Charlyn im Kinderwagen vor sich herschiebend, lief Susan an diesem Samstag Morgen durch die Stadt. Die Sonne schien ihr ins Gesicht und sie genoß diese freie Stunde, allein mit sich und ihren Gedanken. Fast fluchtartig hatte sie die Wohnung, nach einem heftigen Streit mit Andrew, verlassen. Es waren Kleinigkeiten, die sie beide immer öfter dazu brachten, sich erst Tage lang anzuschweigen, nur, um dann in einem heftigen Streit auseinander zu gehen. Warum schafften sie es nicht, wie so viele andere, voller Liebe zusammen zu sein und die Probleme gemeinsam zu lösen, die auf sie einstürmten?
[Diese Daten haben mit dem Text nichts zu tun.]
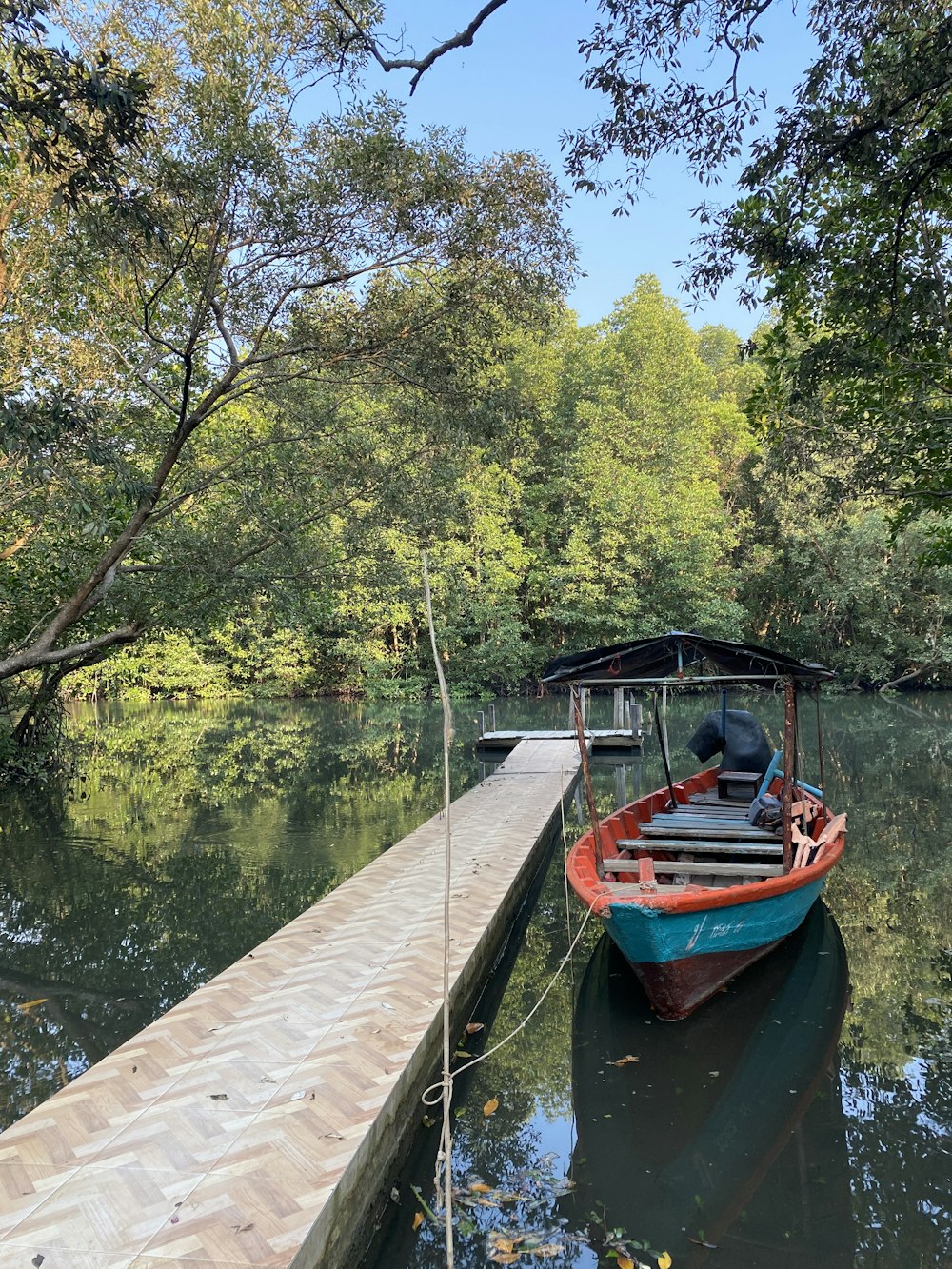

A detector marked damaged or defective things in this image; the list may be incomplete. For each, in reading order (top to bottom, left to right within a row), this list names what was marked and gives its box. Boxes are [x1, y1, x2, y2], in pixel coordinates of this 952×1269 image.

Meist ging es darum, dass Susan erwartete, dass Andrew mehr Zeit mit ihr und der Kleinen verbrachte. Einfach mal alles stehen und liegen ließ und einen Nachmittag auf dem Spielplatz verbrachte. Viele Sorgen brachte er von Arbeit mit, die er jedoch nie mit ihr teilte. Oft saß er stundenlang an seinem Schreibtisch und grübelte, wollte allein sein. Doch: sie waren eine Familie und er musste erkennen, dass sie ihn brauchten und er sie. Wie so oft fragte Susan sich, ob da noch Liebe war zwischen ihnen, ob sie je existiert hatte. 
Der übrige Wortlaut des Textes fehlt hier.